Considerably less has been written about Josh Brolin as Llewellyn Moss, the Vietnam vet (the movie is set in 1980) who finds the satchel of money at the scene of a drug deal gone wrong. This is not fair, as he IS the story. Moss takes off with the money, pursued by Chigurh, and to our surprise, he’s a worthy quarry. He’s a sharp guy and he’s familiar with violence. Meanwhile, Tommy Lee Jones’s Sheriff is also tracking Moss, but he’s more interested in making pronouncements about the bleakness of the human condition as mirrored by the Texan landscape. (Someone once said, If I owned Texas and Hell, I’d live in Hell and rent out Texas.)

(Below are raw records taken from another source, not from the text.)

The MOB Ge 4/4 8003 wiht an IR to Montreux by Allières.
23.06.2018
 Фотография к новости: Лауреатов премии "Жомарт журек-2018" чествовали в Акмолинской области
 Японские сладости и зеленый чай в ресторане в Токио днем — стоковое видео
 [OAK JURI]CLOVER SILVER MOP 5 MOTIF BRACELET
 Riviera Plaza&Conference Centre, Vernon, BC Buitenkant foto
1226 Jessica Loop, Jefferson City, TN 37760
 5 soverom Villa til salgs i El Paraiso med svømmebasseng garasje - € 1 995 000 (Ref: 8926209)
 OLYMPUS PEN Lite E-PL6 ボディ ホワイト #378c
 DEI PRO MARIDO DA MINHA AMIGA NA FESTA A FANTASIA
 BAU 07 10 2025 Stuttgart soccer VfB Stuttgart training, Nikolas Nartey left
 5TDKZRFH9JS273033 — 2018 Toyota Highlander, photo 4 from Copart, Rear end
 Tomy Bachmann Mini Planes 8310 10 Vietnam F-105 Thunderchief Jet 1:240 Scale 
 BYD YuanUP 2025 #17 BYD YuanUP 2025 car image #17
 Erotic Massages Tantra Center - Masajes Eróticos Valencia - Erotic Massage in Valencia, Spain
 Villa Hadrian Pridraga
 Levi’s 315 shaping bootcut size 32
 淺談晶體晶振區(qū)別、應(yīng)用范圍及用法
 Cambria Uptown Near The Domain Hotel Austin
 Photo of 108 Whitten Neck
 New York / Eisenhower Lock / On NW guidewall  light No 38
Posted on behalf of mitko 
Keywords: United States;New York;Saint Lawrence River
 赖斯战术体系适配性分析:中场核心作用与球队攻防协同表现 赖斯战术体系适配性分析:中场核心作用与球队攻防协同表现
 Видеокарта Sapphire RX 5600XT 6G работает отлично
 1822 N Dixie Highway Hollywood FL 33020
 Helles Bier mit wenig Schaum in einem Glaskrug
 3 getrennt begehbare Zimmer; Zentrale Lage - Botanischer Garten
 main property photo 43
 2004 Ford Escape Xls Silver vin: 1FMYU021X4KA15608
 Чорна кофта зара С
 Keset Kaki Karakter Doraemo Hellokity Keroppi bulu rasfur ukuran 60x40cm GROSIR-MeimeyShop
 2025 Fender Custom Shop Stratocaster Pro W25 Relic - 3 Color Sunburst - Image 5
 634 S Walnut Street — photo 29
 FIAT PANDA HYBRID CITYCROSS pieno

So the scene is set for a climactic confrontation between Moss and Chigurh. And then. . .
Question: Did the Coens set out to subvert the conventions of narrative, or are they just mucking with our heads? Are they being revolutionary, or mean? Or both? Bonus questions: Is this movie saying anything, and if so, What? How much of a factor is “universal critical acclaim” when you form an opinion?
P.S. 2007 was the year of the sudden ending: No Country, The Sopranos, even Endo cut to black. We live in an age where the clear resolution is no longer possible.
P.P.S. Filipino movie about the discovery of a satchel of money that triggers hair-raising violence: Misteryo Sa Tuwa by Abbo de la Cruz (1981).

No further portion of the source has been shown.